Giacomo dirà poi: "Considerate perfetta letizia, miei fratelli, quando subite ogni sorta di prove, sapendo che la prova della vostra fede produce la pazienza. E la pazienza completi l'opera sua in voi, perché siate perfetti e integri, senza mancare di nulla." E aggiunge più avanti: "Chi fissa lo sguardo sulla legge perfetta, la legge della libertà, e le resta fedele, non come un ascoltatore smemorato ma come uno che la mette in pratica, questi troverà la sua felicità nel praticarla."(Gc 1, 5 ess).

Anche la visione di cui Pietro, Giacomo e Giovanni sono spettatori (non casualmente) ci offre un preludio della gloria che consegue alla croce quaresimale e possiamo riscontrare già adesso i vantaggi che questo tempo propizio di rinuncia ci guadagnerà in futuro e al momento presente. I tre apostoli, in primis Simon Pietro che è stato appena eletto a guida e tutela del gregge di Cristo, sanno benissimo che il loro Maestro è indirizzato a Gerusalemme, dove il supplizio e l'impero delle tenebre lo attendono al varco, ma adesso riscontrano che questi patimenti che dovrà subire sono necessari affinché si riveli in lui la gloria manifesta del Padre, la stessa gloria di cui hanno ora un saggio davanti ai loro occhi. Essi sono straniti non già per lo spavento, ma per la gioia di vedere il loro Signore esaltato e imperante, rivestito dalle fulgide vesti della regalità e del potere invitto, insomma vedono in lui il Dio eterno e glorioso. Tale si mostrerà nelle apparizioni da risorto, tale lo vedono ora in anticipo, mentre compare loro accanto a Mosè (la Legge) ed Elia ( i profeti). La gioia li induce a non provvedere neppure a se stessi, visto che Pietro propone tre tende "una per te, una per Mosè e una per Elia". Lo stesso Pietro poi recherà questa visione come banco di prova dell'attendibilità assoluta delle sue testimonianze missionarie (2Pt 1, 16 - 21), ma quello che qui emerge è la verità della vittoria che emerge non solo come conseguenza della sopportazione, ma come dato contenuto in essa; il trionfo della gloria che si rende manifesto anticipatamente in questo singolarissimo episodio.

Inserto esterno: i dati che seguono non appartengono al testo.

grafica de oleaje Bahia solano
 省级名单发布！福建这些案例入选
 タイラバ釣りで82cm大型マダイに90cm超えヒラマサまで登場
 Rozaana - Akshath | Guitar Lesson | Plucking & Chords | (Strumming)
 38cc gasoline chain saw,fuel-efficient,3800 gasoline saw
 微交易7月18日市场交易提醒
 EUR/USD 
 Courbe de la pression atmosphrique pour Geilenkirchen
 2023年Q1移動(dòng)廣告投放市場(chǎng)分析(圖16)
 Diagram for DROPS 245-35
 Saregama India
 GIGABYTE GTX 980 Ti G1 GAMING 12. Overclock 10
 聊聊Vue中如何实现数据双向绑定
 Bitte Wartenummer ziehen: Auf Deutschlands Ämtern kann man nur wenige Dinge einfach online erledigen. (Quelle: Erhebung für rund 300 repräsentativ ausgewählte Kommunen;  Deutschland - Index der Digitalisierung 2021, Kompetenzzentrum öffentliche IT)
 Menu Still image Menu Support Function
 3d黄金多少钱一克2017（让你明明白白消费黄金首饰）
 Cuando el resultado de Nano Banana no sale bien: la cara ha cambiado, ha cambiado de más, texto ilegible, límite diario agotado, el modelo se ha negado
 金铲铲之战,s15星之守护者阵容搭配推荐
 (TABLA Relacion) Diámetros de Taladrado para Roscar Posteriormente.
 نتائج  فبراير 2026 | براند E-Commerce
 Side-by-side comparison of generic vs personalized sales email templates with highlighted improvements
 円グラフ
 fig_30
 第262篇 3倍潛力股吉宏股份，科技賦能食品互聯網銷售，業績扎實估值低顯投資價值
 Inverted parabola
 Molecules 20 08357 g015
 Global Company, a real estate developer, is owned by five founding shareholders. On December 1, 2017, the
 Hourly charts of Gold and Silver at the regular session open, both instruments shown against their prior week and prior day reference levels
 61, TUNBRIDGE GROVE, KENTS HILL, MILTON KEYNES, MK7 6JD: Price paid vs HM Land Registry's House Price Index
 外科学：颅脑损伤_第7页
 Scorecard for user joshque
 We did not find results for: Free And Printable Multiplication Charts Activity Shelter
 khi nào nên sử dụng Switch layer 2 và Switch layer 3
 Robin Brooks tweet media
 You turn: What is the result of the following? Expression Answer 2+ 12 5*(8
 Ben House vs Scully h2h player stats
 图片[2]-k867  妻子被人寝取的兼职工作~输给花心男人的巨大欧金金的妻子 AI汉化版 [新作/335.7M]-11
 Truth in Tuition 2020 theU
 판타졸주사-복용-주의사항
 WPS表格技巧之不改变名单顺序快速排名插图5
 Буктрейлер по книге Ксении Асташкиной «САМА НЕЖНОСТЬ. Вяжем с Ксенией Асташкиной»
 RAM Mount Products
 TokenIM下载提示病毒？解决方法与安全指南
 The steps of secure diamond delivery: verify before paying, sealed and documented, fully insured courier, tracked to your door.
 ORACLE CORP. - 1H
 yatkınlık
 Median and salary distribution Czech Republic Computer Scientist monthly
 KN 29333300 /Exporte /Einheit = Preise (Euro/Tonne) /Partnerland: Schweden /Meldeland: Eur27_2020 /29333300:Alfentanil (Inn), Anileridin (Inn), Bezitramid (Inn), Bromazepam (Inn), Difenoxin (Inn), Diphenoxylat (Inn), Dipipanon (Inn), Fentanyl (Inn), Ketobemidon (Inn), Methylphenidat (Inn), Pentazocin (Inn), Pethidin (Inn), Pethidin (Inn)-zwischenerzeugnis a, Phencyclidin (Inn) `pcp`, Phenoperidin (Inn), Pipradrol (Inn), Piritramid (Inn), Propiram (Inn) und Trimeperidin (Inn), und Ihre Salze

Vivere la croce è già sperimentare la risurrezione. Questo ci esorta e ci sprona a progredire sempre protesi in avanti, consapevoli che ogni negatività racchiude in se stessa il seme del positivo e ogni sconfitta racchiude il germe della vittoria. Ogni quaresima racchiude in se la caparra gloriosa della Risurrezione.